From: Brian Foster <bfoster@redhat.com>
To: "Darrick J. Wong" <darrick.wong@oracle.com>
Cc: linux-xfs@vger.kernel.org
Subject: Re: [PATCH v2 1/3] xfs: implement per-inode writeback completion queues
Date: Mon, 15 Apr 2019 14:13:53 -0400 [thread overview]
Message-ID: <20190415181353.GG4222@bfoster> (raw)
In-Reply-To: <20190415161336.GB4752@magnolia>
On Mon, Apr 15, 2019 at 09:13:36AM -0700, Darrick J. Wong wrote:
> From: Darrick J. Wong <darrick.wong@oracle.com>
>
> When scheduling writeback of dirty file data in the page cache, XFS uses
> IO completion workqueue items to ensure that filesystem metadata only
> updates after the write completes successfully. This is essential for
> converting unwritten extents to real extents at the right time and
> performing COW remappings.
>
> Unfortunately, XFS queues each IO completion work item to an unbounded
> workqueue, which means that the kernel can spawn dozens of threads to
> try to handle the items quickly. These threads need to take the ILOCK
> to update file metadata, which results in heavy ILOCK contention if a
> large number of the work items target a single file, which is
> inefficient.
>
> Worse yet, the writeback completion threads get stuck waiting for the
> ILOCK while holding transaction reservations, which can use up all
> available log reservation space. When that happens, metadata updates to
> other parts of the filesystem grind to a halt, even if the filesystem
> could otherwise have handled it.
>
> Even worse, if one of the things grinding to a halt happens to be a
> thread in the middle of a defer-ops finish holding the same ILOCK and
> trying to obtain more log reservation having exhausted the permanent
> reservation, we now have an ABBA deadlock - writeback has a transaction
> reserved and wants the ILOCK, and someone else has the ILOCk and wants a
> transaction reservation.
>
> Therefore, we create a per-inode writeback io completion queue + work
> item.
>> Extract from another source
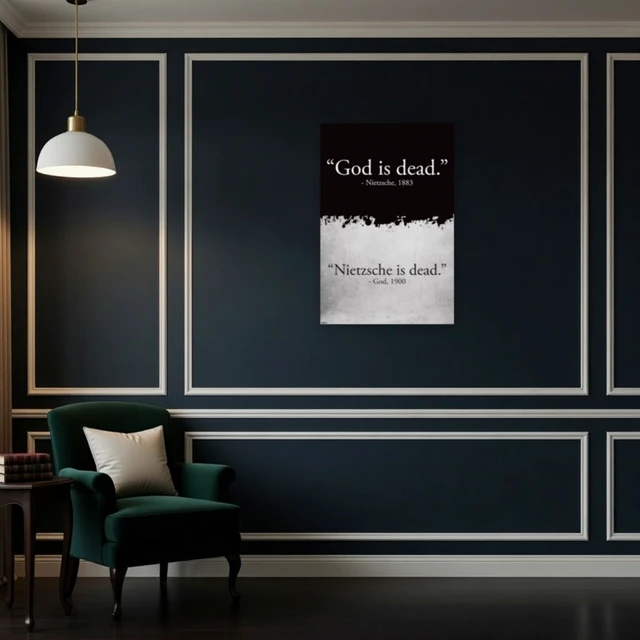Alt view image 4 of 4 - God is Dead Quote Poster Print - Inspirational Wall Art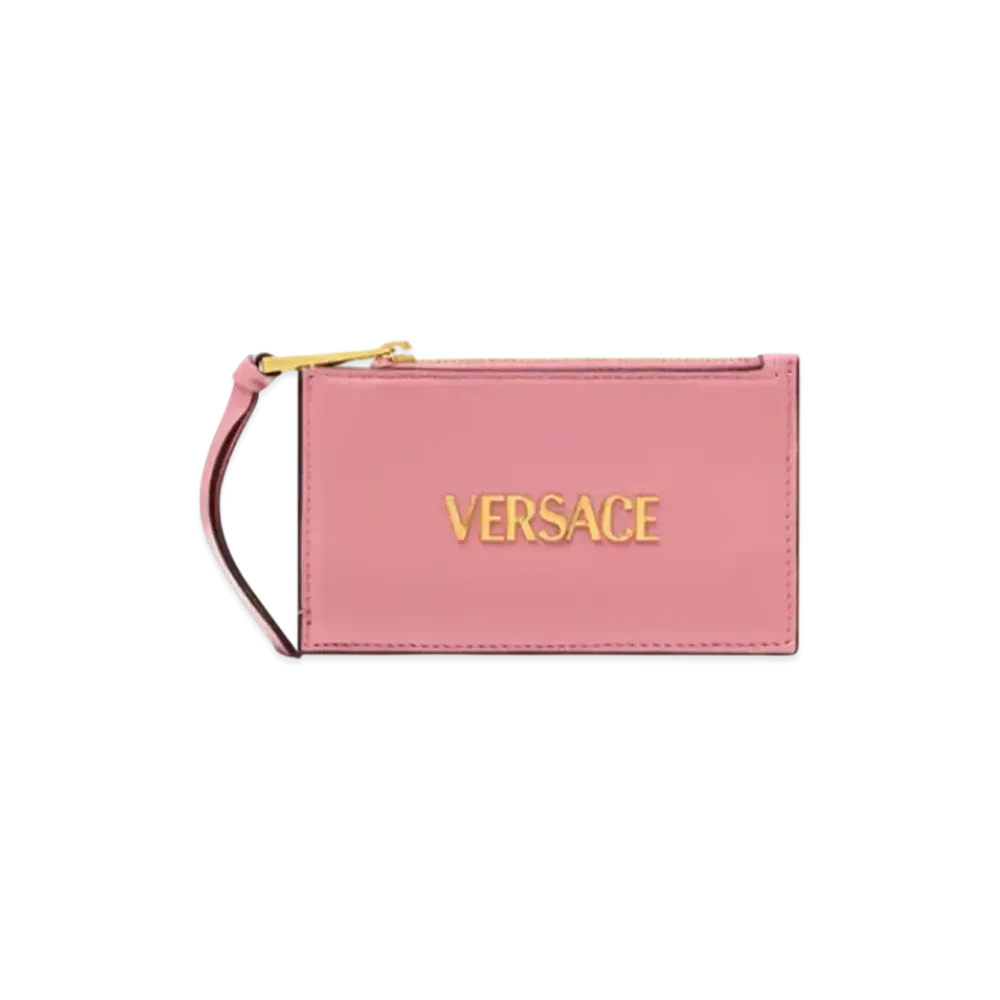 Versace Tag Zip Card Holder "Pink"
When writeback finishes, it can add the ioend to the per-inode
> queue and let the single worker item process that queue. This
> dramatically cuts down on the number of kworkers and ILOCK contention in
> the system, and seems to have eliminated an occasional deadlock I was
> seeing while running generic/476.
>
> Testing with a program that simulates a heavy random-write workload to a
> single file demonstrates that the number of kworkers drops from
> approximately 120 threads per file to 1, without dramatically changing
> write bandwidth or pagecache access latency.
>
> Note that we leave the xfs-conv workqueue's max_active alone because we
> still want to be able to run ioend processing for as many inodes as the
> system can handle.
>
> Signed-off-by: Darrick J. Wong <darrick.wong@oracle.com>
> ---
> v2: rename i_iodone_* -> i_ioend_* to avoid naming collision
> ---
Looks good, thanks!
Reviewed-by: Brian Foster <bfoster@redhat.com>
> fs/xfs/xfs_aops.c | 48 +++++++++++++++++++++++++++++++++++++-----------
> fs/xfs/xfs_aops.h | 1 -
> fs/xfs/xfs_icache.c | 3 +++
> fs/xfs/xfs_inode.h | 7 +++++++
> 4 files changed, 47 insertions(+), 12 deletions(-)
>
> diff --git a/fs/xfs/xfs_aops.c b/fs/xfs/xfs_aops.c
> index 3619e9e8d359..0dd249115f3c 100644
> --- a/fs/xfs/xfs_aops.c
> +++ b/fs/xfs/xfs_aops.c
> @@ -234,11 +234,9 @@ xfs_setfilesize_ioend(
> * IO write completion.
> */
> STATIC void
> -xfs_end_io(
> - struct work_struct *work)
> +xfs_end_ioend(
> + struct xfs_ioend *ioend)
> {
> - struct xfs_ioend *ioend =
> - container_of(work, struct xfs_ioend, io_work);
> struct xfs_inode *ip = XFS_I(ioend->io_inode);
> xfs_off_t offset = ioend->io_offset;
> size_t size = ioend->io_size;
> @@ -278,19 +276,48 @@ xfs_end_io(
> xfs_destroy_ioend(ioend, error);
> }
>
> +/* Finish all pending io completions. */
> +void
> +xfs_end_io(
> + struct work_struct *work)
> +{
> + struct xfs_inode *ip;
> + struct xfs_ioend *ioend;
> + struct list_head completion_list;
> + unsigned long flags;
> +
> + ip = container_of(work, struct xfs_inode, i_ioend_work);
> +
> + spin_lock_irqsave(&ip->i_ioend_lock, flags);
> + list_replace_init(&ip->i_ioend_list, &completion_list);
> + spin_unlock_irqrestore(&ip->i_ioend_lock, flags);
> +
> + while (!list_empty(&completion_list)) {
> + ioend = list_first_entry(&completion_list, struct xfs_ioend,
> + io_list);
> + list_del_init(&ioend->io_list);
> + xfs_end_ioend(ioend);
> + }
> +}
> +
> STATIC void
> xfs_end_bio(
> struct bio *bio)
> {
> struct xfs_ioend *ioend = bio->bi_private;
> - struct xfs_mount *mp = XFS_I(ioend->io_inode)->i_mount;
> + struct xfs_inode *ip = XFS_I(ioend->io_inode);
> + struct xfs_mount *mp = ip->i_mount;
> + unsigned long flags;
>
> if (ioend->io_fork == XFS_COW_FORK ||
> - ioend->io_state == XFS_EXT_UNWRITTEN)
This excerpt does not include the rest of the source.